Data records =>
******
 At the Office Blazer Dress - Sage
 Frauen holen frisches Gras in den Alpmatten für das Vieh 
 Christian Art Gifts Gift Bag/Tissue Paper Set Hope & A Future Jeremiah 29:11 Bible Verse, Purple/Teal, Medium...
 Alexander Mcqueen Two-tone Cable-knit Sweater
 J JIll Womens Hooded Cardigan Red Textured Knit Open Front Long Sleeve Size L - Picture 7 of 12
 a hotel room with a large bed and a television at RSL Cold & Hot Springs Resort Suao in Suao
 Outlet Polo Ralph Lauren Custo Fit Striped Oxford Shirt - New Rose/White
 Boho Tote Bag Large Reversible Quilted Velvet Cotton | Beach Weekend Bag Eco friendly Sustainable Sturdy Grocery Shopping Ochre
******
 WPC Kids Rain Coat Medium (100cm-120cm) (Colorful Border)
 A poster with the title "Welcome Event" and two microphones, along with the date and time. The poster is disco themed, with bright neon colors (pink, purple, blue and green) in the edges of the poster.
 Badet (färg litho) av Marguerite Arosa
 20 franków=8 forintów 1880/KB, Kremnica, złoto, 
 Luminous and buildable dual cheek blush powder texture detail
******
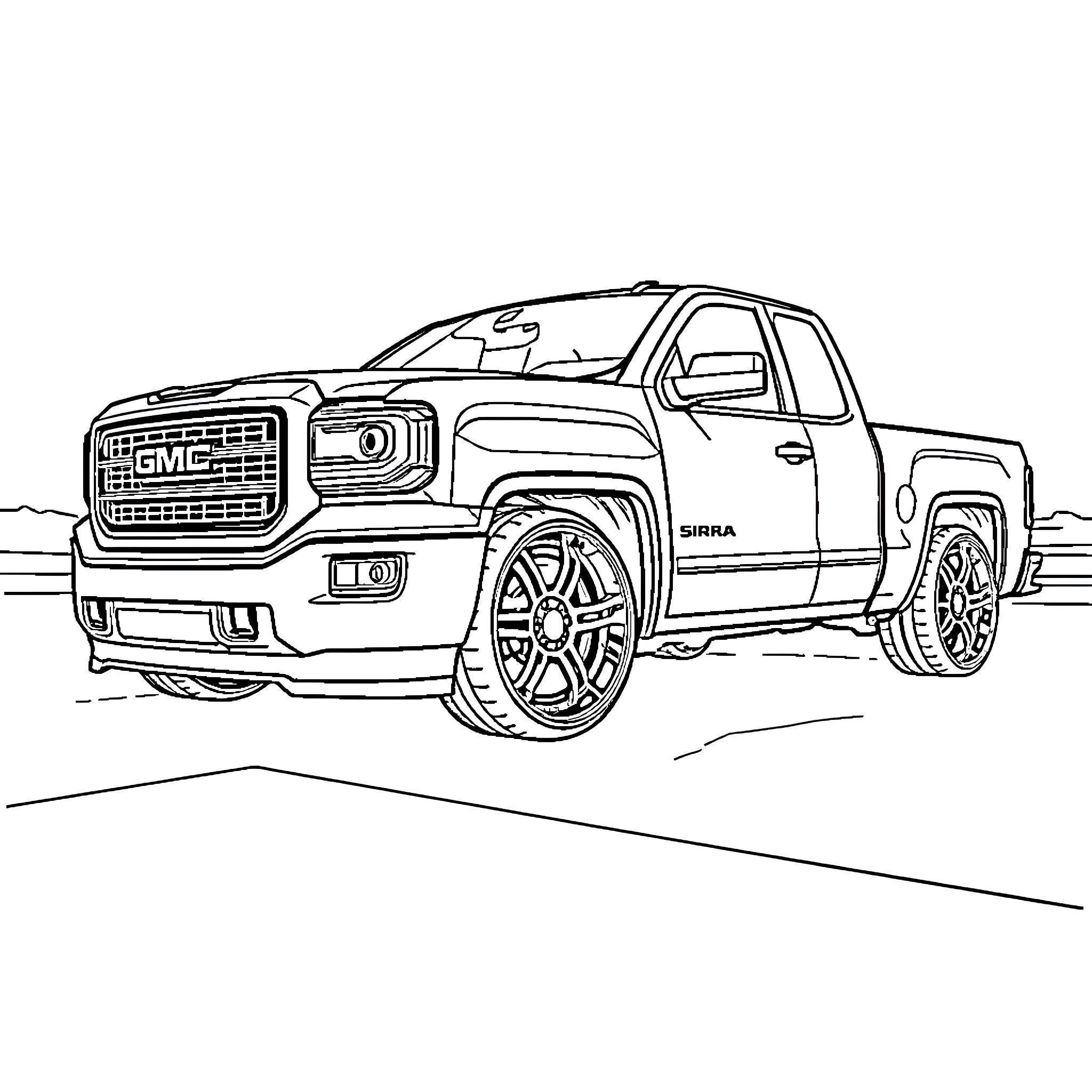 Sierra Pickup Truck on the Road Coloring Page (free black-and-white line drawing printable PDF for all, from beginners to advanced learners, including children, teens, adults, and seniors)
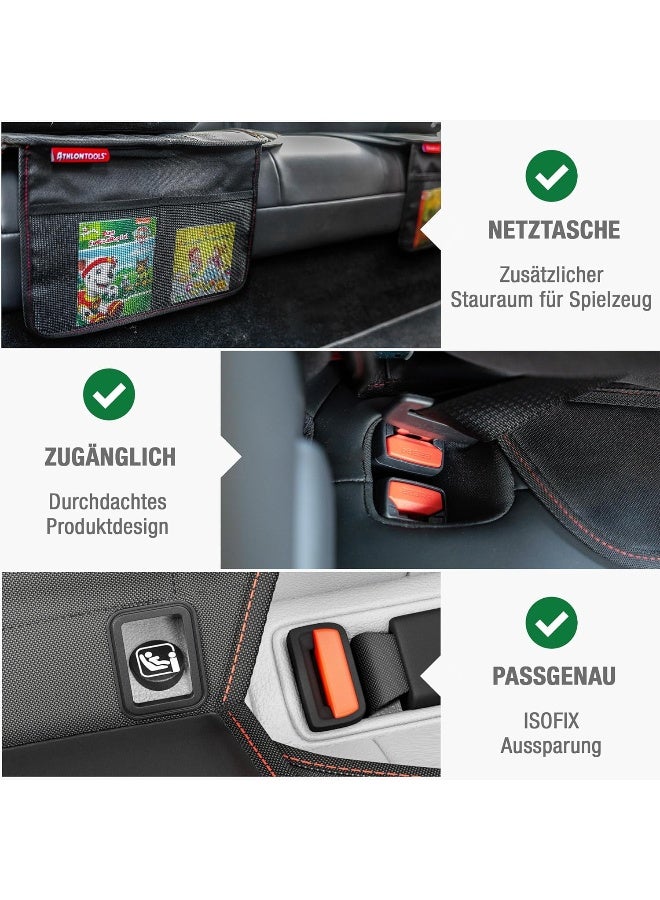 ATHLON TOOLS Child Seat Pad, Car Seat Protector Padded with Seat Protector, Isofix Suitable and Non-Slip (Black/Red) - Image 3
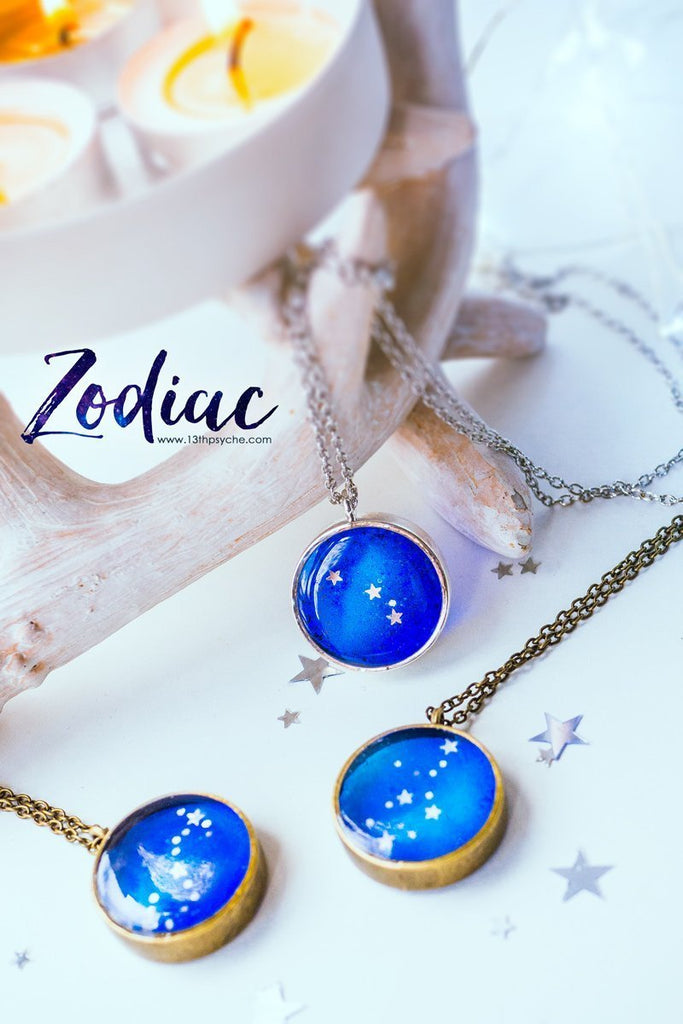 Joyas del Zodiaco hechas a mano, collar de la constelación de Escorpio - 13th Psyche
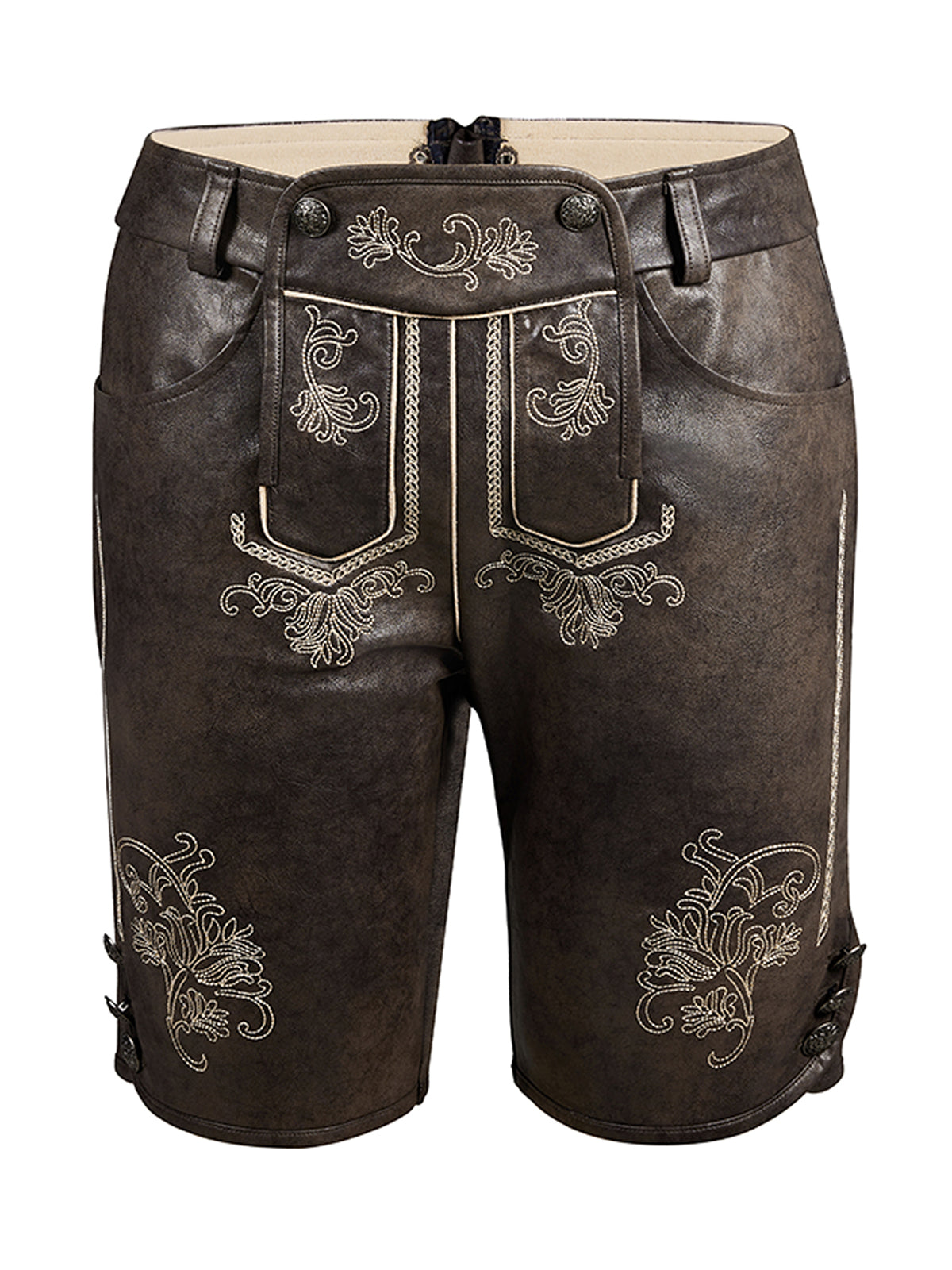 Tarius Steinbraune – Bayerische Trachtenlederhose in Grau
******
Task item =>
Copy only this part of the entries above: the line with "Outlet Polo Ralph", the line with "Boho Tote Bag", and the lines between, all exactly as written.

Written response =>
 Outlet Polo Ralph Lauren Custo Fit Striped Oxford Shirt - New Rose/White
 Boho Tote Bag Large Reversible Quilted Velvet Cotton | Beach Weekend Bag Eco friendly Sustainable Sturdy Grocery Shopping Ochre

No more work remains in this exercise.